EXERCISE BRIEF: Copy, without a single change, each line from the one that holds "Patou Trapeze Tote Bag — Blue Raphia" to the bottom of the entries below, and drop any pictures.

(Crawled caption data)
»»
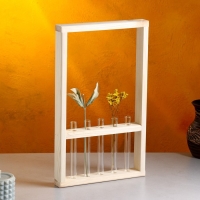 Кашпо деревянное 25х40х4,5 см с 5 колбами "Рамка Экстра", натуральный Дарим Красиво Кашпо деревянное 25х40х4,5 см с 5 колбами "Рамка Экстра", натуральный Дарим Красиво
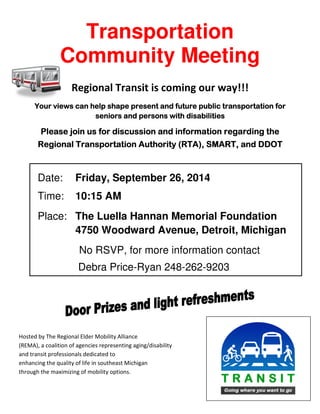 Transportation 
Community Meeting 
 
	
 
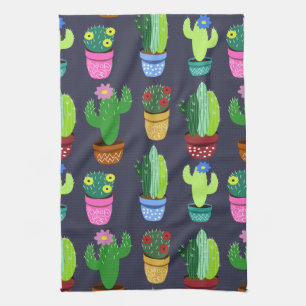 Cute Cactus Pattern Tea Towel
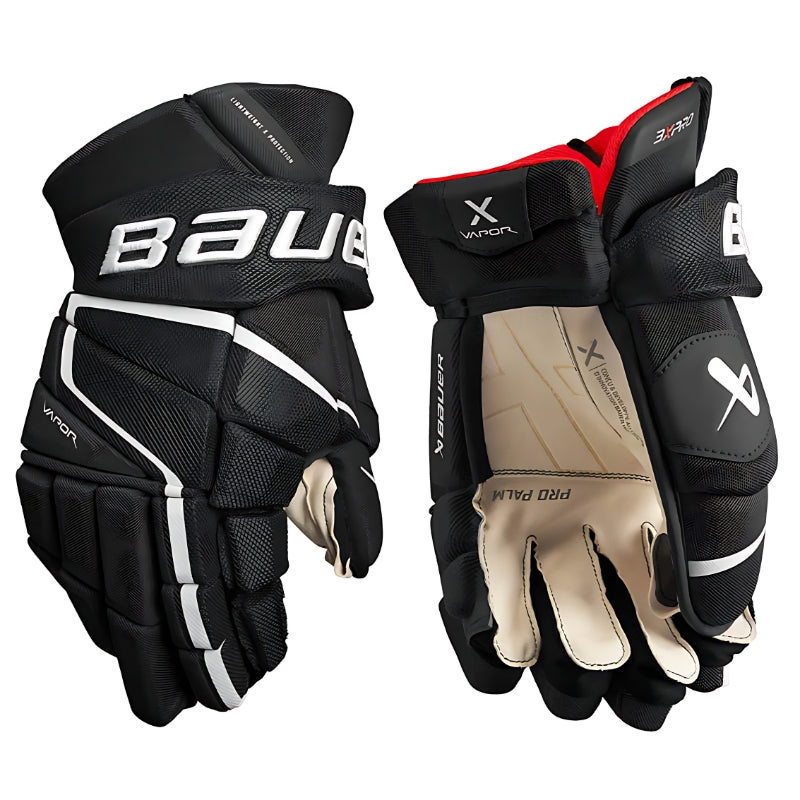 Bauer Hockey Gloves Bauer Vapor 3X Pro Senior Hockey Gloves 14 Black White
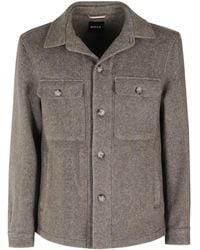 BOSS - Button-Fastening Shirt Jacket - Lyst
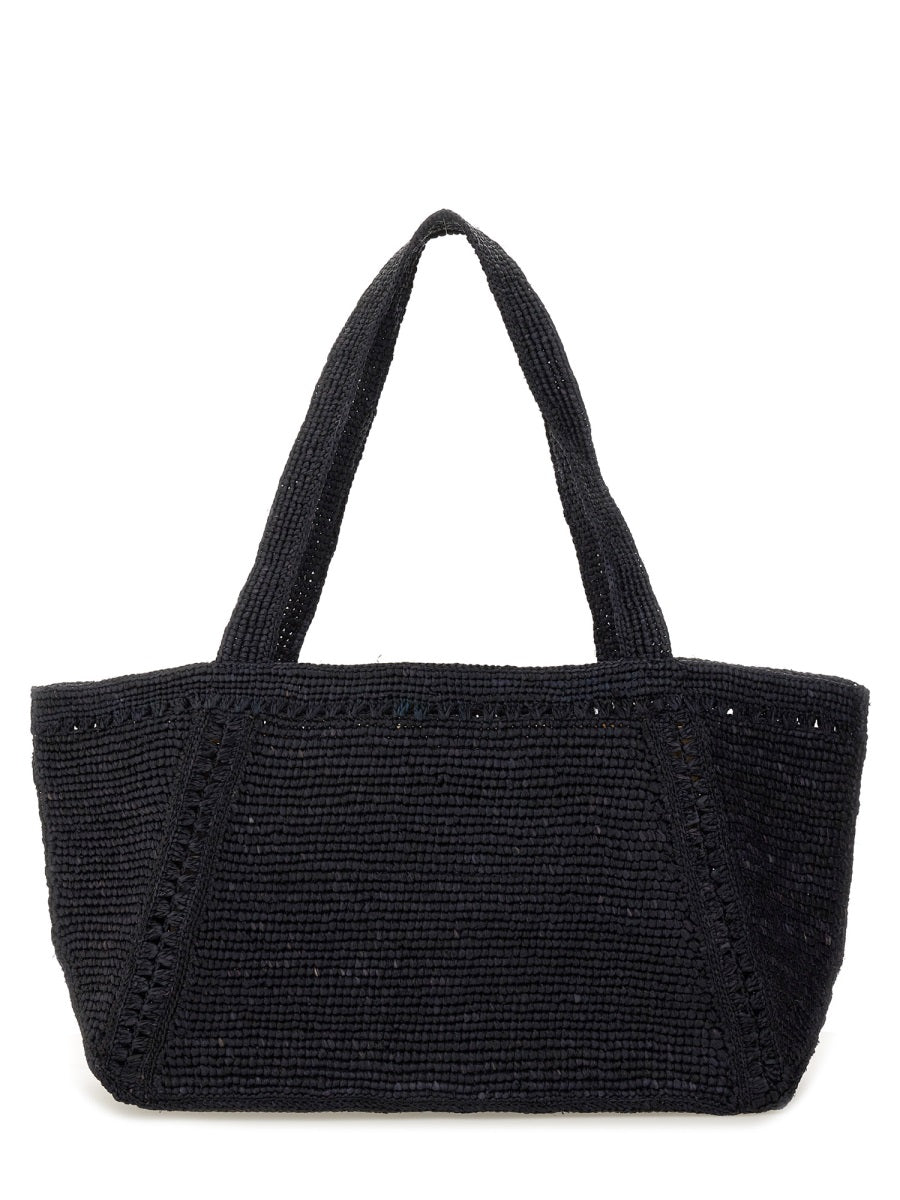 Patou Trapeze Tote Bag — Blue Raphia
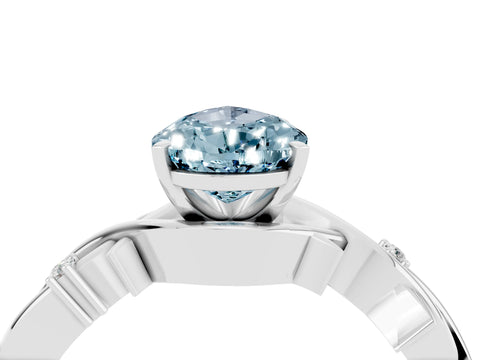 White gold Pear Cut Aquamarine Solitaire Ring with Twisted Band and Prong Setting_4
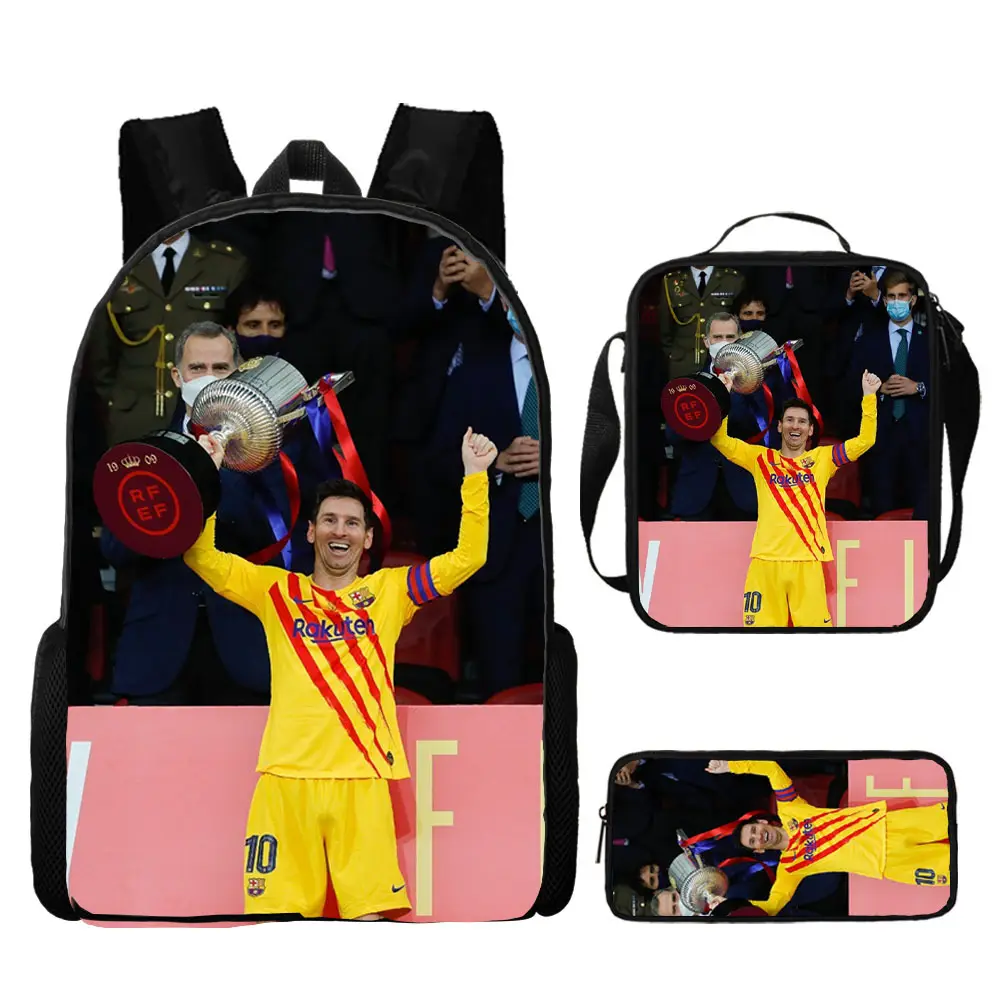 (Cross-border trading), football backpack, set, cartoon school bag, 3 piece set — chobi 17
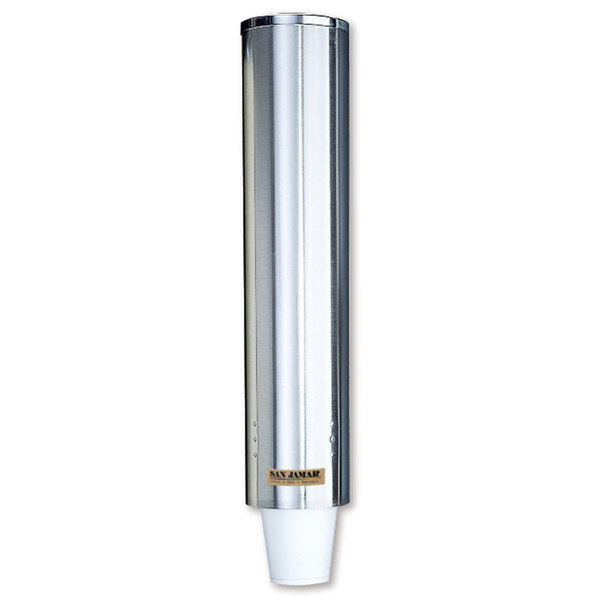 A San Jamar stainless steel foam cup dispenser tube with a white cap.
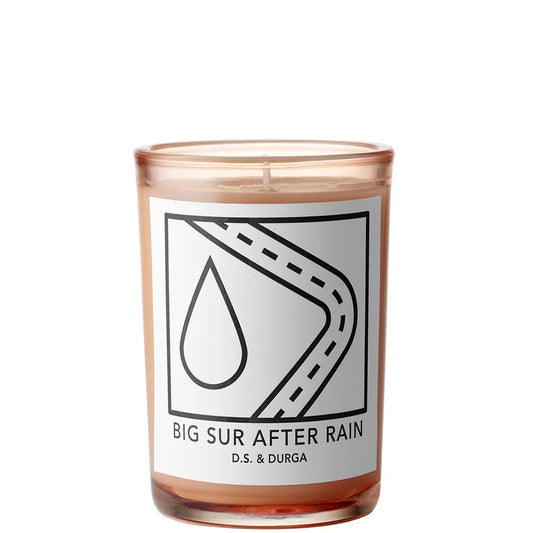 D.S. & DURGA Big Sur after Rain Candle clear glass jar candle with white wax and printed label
««
TASK OUTPUT:
 Patou Trapeze Tote Bag — Blue Raphia
 White gold Pear Cut Aquamarine Solitaire Ring with Twisted Band and Prong Setting_4
 (Cross-border trading), football backpack, set, cartoon school bag, 3 piece set — chobi 17
 A San Jamar stainless steel foam cup dispenser tube with a white cap.
 D.S. & DURGA Big Sur after Rain Candle clear glass jar candle with white wax and printed label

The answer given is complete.